In Phutra the captives become slaves, and the two surface worlders learn more of Pellucidar and Mahar society. The Mahars are all female, reproducing parthenogenetically by means of a closely guarded "Great Secret" contained in a Mahar book. David learns that they also feast on selected human captives in a secret ritual. In a disturbance, David manages to escape Phutra, becomes lost, and experiences a number of adventures before sneaking back into the city. Rejoining Abner, he finds the latter did not even realize he was gone, and the two discover that time in Pellucidar, in the absence of objective means to measure it, is a subjective thing, experienced by different people at different rates.

Obsessed with righting the wrong he has unwittingly done Dian, David Innes escapes again and eventually finds and wins her by defeating the malevolent Jubal the Ugly One, another unwanted suitor. David makes amends, and he and Dian wed.

Later, along with Ghak and other allies, David Innes and Abner Perry lead a revolt of humankind against the cruel Mahars. Their foes are hampered by the loss of the Great Secret, which David has stolen and hidden. To further the struggle David returns to the Iron Mole, in which he and Dian propose to travel back to the surface world to procure outer world technology. Only after it is underway does he discover that Hooja the Sly One has substituted a drugged Mahar for Dian the Beautiful.

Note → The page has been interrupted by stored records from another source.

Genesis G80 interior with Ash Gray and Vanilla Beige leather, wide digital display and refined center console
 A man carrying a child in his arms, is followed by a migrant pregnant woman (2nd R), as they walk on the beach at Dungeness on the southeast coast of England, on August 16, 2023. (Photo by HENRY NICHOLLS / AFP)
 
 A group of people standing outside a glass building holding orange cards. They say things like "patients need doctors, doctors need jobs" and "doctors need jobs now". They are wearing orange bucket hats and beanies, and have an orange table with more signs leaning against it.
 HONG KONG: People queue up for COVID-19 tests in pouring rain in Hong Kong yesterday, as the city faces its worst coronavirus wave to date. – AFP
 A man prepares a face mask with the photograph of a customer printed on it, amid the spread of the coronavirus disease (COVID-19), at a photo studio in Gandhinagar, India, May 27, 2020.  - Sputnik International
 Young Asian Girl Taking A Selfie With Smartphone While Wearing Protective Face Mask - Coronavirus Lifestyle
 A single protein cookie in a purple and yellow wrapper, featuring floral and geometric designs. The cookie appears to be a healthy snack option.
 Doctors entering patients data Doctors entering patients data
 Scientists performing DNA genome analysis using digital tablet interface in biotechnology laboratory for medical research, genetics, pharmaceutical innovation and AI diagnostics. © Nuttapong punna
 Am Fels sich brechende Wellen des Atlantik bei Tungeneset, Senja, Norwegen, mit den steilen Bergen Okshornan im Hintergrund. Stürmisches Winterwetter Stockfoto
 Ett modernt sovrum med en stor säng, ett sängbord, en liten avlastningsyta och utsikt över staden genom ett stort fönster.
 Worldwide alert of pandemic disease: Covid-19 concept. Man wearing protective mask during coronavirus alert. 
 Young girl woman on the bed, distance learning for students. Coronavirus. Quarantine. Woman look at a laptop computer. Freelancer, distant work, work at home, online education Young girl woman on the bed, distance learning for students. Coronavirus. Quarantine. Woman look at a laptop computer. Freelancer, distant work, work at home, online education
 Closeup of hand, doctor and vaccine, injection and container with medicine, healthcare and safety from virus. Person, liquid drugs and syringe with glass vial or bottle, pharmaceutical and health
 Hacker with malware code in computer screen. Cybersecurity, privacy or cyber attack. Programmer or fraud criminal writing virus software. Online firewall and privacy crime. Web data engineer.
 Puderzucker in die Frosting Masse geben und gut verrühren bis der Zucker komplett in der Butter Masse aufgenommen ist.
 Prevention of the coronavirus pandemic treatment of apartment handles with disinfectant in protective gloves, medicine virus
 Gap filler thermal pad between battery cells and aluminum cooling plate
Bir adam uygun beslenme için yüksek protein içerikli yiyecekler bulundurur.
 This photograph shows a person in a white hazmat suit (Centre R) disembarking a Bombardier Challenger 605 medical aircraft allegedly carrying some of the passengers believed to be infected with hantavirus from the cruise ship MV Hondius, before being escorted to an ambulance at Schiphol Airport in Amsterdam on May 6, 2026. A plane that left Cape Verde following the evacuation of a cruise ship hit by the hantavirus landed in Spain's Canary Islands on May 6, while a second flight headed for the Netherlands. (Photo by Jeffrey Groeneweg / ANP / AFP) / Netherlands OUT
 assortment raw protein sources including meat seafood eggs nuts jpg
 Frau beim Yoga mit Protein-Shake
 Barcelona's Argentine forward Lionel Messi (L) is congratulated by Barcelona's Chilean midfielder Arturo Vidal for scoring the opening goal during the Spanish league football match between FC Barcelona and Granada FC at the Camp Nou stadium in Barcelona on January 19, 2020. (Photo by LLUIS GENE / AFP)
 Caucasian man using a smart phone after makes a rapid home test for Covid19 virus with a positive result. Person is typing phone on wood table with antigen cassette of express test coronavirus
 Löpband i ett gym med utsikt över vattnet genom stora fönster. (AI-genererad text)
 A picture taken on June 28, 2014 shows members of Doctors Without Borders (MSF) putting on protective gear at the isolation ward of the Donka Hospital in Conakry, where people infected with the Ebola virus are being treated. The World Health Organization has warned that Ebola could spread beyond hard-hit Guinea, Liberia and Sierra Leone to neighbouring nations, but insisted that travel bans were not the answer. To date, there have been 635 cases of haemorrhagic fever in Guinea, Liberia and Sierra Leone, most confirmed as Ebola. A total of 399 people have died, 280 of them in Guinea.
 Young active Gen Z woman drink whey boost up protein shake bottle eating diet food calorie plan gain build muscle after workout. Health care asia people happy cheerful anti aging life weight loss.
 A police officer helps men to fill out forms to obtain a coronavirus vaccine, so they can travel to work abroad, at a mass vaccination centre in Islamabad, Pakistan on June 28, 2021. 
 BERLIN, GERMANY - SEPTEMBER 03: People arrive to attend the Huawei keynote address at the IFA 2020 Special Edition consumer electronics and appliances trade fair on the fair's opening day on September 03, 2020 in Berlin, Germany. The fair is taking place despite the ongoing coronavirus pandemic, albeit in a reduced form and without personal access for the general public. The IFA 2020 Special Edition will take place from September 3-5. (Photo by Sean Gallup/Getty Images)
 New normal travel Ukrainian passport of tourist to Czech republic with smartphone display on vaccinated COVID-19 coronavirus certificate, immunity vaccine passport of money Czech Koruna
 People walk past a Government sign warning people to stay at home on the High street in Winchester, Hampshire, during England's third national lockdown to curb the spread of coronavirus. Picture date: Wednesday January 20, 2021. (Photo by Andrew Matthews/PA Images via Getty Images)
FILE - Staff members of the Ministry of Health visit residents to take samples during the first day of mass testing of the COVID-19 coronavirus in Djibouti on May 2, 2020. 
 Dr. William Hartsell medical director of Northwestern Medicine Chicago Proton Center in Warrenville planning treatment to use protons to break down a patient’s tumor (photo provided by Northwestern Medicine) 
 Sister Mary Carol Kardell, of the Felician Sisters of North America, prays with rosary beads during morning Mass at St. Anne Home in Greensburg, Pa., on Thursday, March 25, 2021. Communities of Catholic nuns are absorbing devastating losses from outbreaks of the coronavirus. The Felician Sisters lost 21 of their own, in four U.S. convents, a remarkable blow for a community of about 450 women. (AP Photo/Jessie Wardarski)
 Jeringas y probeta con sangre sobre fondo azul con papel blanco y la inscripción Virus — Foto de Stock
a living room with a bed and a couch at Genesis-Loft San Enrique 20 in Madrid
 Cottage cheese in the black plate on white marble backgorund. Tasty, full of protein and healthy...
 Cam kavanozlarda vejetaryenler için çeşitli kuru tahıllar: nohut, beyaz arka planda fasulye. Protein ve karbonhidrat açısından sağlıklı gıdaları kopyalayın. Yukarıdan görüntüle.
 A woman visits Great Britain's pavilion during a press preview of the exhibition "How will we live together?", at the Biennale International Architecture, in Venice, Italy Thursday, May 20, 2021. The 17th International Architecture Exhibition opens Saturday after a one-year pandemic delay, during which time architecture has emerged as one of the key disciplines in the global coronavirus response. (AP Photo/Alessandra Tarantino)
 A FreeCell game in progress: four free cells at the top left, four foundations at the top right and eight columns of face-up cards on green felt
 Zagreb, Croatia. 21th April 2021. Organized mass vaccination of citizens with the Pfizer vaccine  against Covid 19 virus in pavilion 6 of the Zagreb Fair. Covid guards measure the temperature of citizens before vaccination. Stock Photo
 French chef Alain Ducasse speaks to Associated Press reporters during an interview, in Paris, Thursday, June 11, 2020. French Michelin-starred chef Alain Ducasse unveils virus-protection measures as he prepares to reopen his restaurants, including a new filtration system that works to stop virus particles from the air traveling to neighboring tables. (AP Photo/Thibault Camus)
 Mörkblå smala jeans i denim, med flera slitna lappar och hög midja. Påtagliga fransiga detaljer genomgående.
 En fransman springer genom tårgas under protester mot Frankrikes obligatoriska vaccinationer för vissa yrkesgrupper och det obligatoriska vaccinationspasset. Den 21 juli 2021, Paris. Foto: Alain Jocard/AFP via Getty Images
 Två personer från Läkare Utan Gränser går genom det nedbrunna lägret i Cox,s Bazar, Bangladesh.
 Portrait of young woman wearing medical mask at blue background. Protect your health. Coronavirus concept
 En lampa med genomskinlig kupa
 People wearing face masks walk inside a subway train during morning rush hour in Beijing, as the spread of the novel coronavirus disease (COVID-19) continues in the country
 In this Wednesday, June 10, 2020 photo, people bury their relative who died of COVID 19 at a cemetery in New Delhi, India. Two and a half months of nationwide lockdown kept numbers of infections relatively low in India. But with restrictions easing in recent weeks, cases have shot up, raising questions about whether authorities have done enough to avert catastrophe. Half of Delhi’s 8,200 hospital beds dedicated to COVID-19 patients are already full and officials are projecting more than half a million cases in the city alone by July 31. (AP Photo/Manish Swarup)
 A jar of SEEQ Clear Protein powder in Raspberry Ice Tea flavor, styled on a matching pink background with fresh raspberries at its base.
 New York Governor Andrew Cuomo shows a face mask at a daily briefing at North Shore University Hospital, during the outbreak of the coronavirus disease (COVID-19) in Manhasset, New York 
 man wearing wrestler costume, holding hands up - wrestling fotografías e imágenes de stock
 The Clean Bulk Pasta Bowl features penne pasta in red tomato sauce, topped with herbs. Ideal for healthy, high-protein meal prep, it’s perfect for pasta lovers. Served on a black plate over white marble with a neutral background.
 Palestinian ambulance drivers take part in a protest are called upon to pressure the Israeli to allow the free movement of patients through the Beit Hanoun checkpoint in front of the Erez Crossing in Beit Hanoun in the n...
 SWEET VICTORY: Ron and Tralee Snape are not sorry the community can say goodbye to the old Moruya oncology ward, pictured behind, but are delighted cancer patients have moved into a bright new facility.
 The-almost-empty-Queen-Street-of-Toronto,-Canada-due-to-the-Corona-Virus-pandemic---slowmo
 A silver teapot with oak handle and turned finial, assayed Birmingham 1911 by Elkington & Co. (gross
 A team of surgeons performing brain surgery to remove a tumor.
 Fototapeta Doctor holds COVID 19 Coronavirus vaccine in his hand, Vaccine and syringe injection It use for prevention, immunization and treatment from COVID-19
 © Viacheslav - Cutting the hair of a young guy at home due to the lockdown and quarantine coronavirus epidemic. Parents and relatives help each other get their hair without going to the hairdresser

Back in the world we know David meets the author, who after hearing his tale and seeing his prehistoric captive, helps him resupply and prepare the mole for the return to Pellucidar.

==Critical reception==
Galaxy reviewer Floyd C. Gale, discussing the 1962 paperback edition, praised the novel; he said that "Burroughs's concepts are intriguing and his combat scenes gripping." Gale faulted the novel's style, noting that "the reader must wade at least twenty-five pages into the book before he can cease to be annoyed by the author's stilted and florid style", but promised that "by then he has reached the point of no return".

==Adaptations==
The novel was filmed as At the Earth's Core (1976), directed by Kevin Connor and starring Doug McClure as David Innes and Peter Cushing as Abner Perry.

When DC Comics gained the license to adapt the works of Edgar Rice Burroughs, they managed to adapt the first Pellucidar book, with Len Wein scripting, and various artists such as Mike Kaluta and Murphy Anderson on art. The adaptation started out Korak, Son of Tarzan #46, then moved to Weird Worlds, where it ran from #1-6.

The 2008 movie Journey to Middle Earth also shares several similarities with the events and locations of the novel, although the film was intended as a loose adaptation of Journey to the Center of the Earth by Jules Verne.

==Legacy==
Other authors have been inspired by Burroughs' depiction of the strange subterranean world, most notably H.P. Lovecraft whose At the Mountains of Madness was heavily influenced by At the Earth's Core, particularly in the name of the Elder Things' slave race, the Shoggoths. Another and more direct homage to Burroughs' concept is Lin Carter's "Zanthodon" series, beginning with his novel Journey to the Underground World.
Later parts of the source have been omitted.